What sometimes can happen is a culture or an organization can have an idea and say, “Well, these are our values,” but those values need to be translated into behaviors, standards, and metrics, i.e. what does this mean in terms of my day-to-day interactions? How does this govern how I’m going to interact with my coworkers, peers, stakeholders, customer base, and community? The clearer and the more explicit that organizations can make that as well as the willingness of organizations to allow people to engage those values and to bring in their own sensibilities, the more successful they’ll be in creating an organization that is inclusive, equitable, and one that creates a sense of belonging.
Jennifer Simpson Carr: I appreciate what you’ve said about day-to-day interactions. Oftentimes when we think about culture, we think about almost tactical things, like things that we’re going to do to show how great we are as a culture. We’re going to provide snacks in the kitchen for those who are still going into the office or those types of gestures. It’s the day-to-day interactions we have with our colleagues that truly demonstrate the culture of an organization.
What are the traits of a self-actualized leader and how can we adopt them?
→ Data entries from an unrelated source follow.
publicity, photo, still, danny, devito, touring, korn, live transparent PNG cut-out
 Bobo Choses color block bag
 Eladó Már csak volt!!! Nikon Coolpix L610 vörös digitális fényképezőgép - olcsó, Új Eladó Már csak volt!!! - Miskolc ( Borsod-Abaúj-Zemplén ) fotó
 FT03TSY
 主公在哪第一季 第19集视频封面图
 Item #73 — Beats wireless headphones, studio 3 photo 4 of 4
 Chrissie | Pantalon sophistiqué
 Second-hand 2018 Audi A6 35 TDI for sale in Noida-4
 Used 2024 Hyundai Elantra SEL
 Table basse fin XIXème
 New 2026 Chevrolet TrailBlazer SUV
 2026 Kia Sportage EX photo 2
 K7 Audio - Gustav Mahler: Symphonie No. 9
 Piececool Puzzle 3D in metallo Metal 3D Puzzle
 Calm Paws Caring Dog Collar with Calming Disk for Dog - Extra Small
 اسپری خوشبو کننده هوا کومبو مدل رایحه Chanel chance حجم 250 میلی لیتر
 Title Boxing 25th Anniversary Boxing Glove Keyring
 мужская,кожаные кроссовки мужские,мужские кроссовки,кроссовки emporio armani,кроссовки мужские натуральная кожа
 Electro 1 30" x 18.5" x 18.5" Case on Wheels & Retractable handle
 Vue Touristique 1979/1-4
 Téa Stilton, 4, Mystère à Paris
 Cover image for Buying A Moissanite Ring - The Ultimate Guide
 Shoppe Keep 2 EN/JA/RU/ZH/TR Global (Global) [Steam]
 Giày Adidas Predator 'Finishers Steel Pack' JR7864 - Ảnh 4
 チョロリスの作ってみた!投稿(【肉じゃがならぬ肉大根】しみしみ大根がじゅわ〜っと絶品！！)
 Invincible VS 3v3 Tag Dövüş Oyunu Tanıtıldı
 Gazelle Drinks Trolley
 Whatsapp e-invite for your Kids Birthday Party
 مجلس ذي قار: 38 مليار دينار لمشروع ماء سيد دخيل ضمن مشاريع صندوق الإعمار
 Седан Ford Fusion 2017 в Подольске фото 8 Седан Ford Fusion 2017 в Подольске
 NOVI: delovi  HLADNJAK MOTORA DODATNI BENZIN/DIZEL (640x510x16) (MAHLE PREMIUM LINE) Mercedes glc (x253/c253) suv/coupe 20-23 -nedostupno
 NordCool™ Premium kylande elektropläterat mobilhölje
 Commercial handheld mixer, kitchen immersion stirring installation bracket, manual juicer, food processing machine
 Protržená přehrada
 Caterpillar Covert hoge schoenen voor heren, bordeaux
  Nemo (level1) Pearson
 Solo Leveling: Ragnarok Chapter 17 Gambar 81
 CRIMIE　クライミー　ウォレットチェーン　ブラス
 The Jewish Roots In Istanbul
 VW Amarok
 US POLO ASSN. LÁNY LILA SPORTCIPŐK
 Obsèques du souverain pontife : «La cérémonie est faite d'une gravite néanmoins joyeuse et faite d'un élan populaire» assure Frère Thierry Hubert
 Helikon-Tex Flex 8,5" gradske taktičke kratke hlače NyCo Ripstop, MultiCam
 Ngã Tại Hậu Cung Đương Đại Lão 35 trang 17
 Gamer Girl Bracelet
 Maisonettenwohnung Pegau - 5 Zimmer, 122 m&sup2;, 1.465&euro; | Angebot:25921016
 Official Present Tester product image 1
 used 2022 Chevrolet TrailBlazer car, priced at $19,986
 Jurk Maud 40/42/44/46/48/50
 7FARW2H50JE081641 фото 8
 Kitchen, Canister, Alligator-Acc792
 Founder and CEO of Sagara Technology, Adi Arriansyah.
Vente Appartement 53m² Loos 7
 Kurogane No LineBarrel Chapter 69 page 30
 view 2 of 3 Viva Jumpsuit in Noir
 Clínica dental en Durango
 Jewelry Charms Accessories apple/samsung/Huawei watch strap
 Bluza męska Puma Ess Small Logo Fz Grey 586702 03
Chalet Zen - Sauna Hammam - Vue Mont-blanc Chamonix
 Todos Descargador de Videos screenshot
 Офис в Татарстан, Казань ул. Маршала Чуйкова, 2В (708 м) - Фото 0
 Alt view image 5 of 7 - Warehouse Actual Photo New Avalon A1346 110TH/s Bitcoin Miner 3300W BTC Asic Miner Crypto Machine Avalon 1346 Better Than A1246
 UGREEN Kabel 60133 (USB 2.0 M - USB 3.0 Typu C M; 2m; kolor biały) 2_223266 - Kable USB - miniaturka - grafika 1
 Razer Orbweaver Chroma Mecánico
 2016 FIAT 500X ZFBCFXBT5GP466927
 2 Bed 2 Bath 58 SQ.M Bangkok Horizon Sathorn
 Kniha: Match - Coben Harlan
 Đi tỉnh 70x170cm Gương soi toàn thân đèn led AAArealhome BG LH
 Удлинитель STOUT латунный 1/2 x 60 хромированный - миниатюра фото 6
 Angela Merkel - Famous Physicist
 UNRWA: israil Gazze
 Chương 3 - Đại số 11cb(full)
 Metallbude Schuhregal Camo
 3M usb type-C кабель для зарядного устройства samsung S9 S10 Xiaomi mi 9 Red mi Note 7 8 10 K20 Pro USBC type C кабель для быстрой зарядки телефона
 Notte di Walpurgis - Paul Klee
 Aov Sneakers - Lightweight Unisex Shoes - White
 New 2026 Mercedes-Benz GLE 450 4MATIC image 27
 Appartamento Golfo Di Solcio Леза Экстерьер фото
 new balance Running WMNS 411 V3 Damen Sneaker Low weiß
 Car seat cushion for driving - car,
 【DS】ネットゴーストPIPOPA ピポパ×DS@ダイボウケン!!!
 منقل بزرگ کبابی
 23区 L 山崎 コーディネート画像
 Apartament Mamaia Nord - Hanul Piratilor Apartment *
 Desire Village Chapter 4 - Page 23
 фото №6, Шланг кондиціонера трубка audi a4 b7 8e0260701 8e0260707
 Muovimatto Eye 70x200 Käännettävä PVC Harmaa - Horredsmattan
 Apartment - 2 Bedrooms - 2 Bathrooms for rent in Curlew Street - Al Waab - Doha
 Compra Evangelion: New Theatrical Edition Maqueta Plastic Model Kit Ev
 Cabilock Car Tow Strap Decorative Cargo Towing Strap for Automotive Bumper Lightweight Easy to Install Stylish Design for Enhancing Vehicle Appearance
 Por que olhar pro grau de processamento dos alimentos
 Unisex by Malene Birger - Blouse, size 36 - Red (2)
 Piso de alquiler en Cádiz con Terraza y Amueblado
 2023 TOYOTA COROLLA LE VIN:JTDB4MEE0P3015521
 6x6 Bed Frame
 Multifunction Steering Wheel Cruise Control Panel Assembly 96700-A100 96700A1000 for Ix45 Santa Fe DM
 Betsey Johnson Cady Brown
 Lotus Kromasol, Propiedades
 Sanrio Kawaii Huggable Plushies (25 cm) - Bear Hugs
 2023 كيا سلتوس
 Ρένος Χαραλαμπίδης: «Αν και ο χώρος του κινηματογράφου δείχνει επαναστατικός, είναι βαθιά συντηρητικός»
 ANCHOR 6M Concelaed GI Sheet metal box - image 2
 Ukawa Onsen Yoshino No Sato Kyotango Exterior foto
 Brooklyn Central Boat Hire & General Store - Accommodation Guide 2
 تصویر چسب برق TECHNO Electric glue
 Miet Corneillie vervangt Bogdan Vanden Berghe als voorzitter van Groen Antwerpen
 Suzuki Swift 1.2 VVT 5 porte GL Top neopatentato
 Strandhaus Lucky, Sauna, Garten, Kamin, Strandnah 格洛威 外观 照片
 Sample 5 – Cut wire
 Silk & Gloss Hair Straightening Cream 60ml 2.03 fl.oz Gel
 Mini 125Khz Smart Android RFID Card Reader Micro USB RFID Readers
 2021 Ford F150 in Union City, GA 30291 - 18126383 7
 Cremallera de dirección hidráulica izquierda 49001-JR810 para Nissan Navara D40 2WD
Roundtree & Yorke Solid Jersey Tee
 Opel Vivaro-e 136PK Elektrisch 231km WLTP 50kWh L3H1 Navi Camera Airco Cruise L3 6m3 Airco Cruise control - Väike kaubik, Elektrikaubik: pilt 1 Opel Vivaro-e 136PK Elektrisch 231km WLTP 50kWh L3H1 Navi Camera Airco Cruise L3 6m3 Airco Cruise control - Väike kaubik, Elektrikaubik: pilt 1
The organizations that are employers of choice spend probably more time focusing on the internal dynamics than they do the external dynamics. In doing so, what does that mean? That gets into your question of developing self-actualized leaders. A self-actualized leader is one who is able to realize their full potential. They’re in the process. They’re on the journey of not only shortening the gap but making sure that there’s alignment between what they say, who they say they want to be, and how they actually show up in their environment.
It’s important for leaders to understand that in order to lead others, you have to lead yourself. That again comes back to understanding your values, your mission, your purpose, your talents, and how you can use those talents in an authentic way in order to be your best self. It means showing greater commitment to those values. It means having the ability to examine oneself and take self-inventory.
It also means having a growth mindset, which means that when you encounter new situations and new people, which we do inevitably every single day, you look at that contact point and say, “What is it that I can learn here? What is it that I can learn in the moment when I’m engaging with someone from a different background? What is it that I can learn from this different circumstance? What is it that I can learn within this container, what is there that I can use to be better, and what are the things that I may learn that I want to release in order to reach my full potential?”
That is a constant process. That means engaging in reflection, having open dialogue, and also taking time to talk to a number of different peers, not just the ones who are friends and not just the ones that we are accustomed to, but a number of different people to get that full body view of how am I showing up and what is my impact? It’s important to do that and then commit to taking action steps, because it’s not just about getting information. It is about taking actions, observing what happens in the environment, receiving feedback, reflecting on what you can do differently, and then adapting the behavior. That is the cycle that I think, for many of us, if we can do that, we can actually move forward from a place of stasis to a place of future growth and development.
Jennifer Simpson Carr: You said looking inward versus externally, and I appreciate that because I think for leaders, looking in the mirror and learning from every experience just helps them develop and grow and helps them come back better and lead better within organizations. That feedback is so important when you’re in that moment and understanding what could have gone better or what you could do differently next time.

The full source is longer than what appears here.